Néanmoins, cette œuvre a marqué si fortement les esprits qu’elle a fait l’objet d’une adaptation cinématographique en 1959, avec à l’affiche de grands noms du cinéma de l’époque, dont Gregory Peck, Ava Gardner, Fred Astaire et Anthony Perkins (qui interprètera un an plus tard l’inoubliable Norman Bates dans le Psychose d’Alfred Hitchcock). Élément notable pour l’époque, le film s’est vu diffuser en avant-première dans plus de vingt grandes villes, dont Moscou ! On regrettera que le personnage de Moira Davidson, joué par Ava Gardner, ait été édulcoré par rapport à son pendant livresque, délicieusement plus insolent. Sans compter que le jeu des émotions d’Anthony Perkins prêtera à sourire. Ceci dit, cette adaptation reprend assez fidèlement l’œuvre d’origine et pourrait plaire à celles et ceux qui voudraient la découvrir sans pour autant se plonger dans le bouquin.

« In this last of meeting places / We grope together / And avoid speech / Gathered on this beach of the tumid river… » (couverture originale, Heinemann).

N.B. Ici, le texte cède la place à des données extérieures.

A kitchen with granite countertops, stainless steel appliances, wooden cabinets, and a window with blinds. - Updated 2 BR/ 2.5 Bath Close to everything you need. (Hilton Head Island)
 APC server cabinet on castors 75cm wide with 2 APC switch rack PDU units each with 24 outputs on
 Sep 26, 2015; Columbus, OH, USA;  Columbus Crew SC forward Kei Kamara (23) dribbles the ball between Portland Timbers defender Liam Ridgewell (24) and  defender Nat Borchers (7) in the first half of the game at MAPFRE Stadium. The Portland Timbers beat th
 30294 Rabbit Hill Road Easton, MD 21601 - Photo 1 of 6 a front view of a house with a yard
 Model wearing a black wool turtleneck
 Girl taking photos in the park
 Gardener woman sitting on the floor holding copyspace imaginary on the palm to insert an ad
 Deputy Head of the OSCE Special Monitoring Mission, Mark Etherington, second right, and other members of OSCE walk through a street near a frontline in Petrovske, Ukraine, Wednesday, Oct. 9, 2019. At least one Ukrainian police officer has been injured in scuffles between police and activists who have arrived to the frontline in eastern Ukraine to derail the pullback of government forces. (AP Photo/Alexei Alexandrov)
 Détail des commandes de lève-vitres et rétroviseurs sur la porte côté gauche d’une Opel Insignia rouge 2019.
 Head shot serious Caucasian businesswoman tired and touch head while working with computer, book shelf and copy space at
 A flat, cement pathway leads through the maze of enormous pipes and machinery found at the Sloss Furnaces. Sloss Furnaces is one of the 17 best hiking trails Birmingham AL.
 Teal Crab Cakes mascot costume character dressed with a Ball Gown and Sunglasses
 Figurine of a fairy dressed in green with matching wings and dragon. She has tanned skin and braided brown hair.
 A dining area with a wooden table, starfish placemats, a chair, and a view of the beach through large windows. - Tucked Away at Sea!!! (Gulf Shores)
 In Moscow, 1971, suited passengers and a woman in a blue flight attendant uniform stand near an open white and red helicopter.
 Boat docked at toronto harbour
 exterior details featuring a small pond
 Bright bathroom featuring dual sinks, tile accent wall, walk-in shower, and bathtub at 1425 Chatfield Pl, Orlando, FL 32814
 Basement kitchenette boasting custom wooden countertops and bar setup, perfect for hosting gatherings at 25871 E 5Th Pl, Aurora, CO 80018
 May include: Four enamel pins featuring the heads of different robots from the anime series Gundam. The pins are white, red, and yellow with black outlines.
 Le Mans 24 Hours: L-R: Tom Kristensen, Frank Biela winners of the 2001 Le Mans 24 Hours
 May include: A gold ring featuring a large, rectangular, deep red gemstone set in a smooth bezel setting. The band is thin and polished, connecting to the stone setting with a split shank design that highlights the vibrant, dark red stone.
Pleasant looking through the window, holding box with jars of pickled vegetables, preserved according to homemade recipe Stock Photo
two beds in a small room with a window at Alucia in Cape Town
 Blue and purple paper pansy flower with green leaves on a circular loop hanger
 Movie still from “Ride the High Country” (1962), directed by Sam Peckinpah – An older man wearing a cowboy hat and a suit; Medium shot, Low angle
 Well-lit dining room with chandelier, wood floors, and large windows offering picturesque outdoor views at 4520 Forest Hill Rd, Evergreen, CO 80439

En revanche, même si les années 1950 ne sont pas votre tasse de thé, il vaut mieux vous épargner l’adaptation télévisuelle de 2000. Adieu le civisme et la digne résignation des personnages originaux, place à une galerie de jackass vulgaires qui vous feront regretter que la radioactivité ne les achève pas plus vite ! Seule qualité : le conflit est initié par une crise entre grandes puissances (les États-Unis et la Chine). Mais ce détail ne justifie pas à lui seul de s’infliger pareille purge. Vraiment, limitez-vous à l’œuvre de 1958-1959, c’est un monument.

Assis·es sous nos pouces

Bien qu’elle diffère par sa nature et sa soudaineté, la catastrophe décrite dans Le Dernier rivage n’est pas sans évoquer la crise climatique à laquelle nous sommes confronté·e·s actuellement : globale et potentiellement éradicatrice. Après plus de 50 années au cours desquelles nous sommes resté·e·s assis·es sur nos pouces, ignorant les appels pressants et répétés de la communauté scientifique, l’urgence de la question environnementale nous apparaît enfin dans toute son ampleur. Mais ne nous y trompons pas : nos petits gestes ne suffiront pas. Nous autres, simples citoyen·ne·s, sommes comme les Australien·ne·s du roman de Nevil Shute, affrontant un holocauste contre lequel iels ne peuvent rien. Car c’est bien de réformes radicales à grande échelle dont nous avons besoin pour en réchapper. De même que, dans le roman, des dirigeant·e·s inconscient·e·s ont déchaîné le feu nucléaire sur une population désarmée, les nôtres nous entraînent par leur égoïsme et leur inaction vers un effondrement certain.

Peut-être avons-nous déjà dépassé le point de non-retour. Peut-être nous reste-t-il une maigre marge de manœuvre. Mais il n’y a point de compteur Geiger pour nous informer de l’avancement de notre lente apocalypse.

Une édition originale d’On the Beach (1958) et une traduction française (sous le titre « Sur la plage », 1960) sont disponibles auprès de la BCU.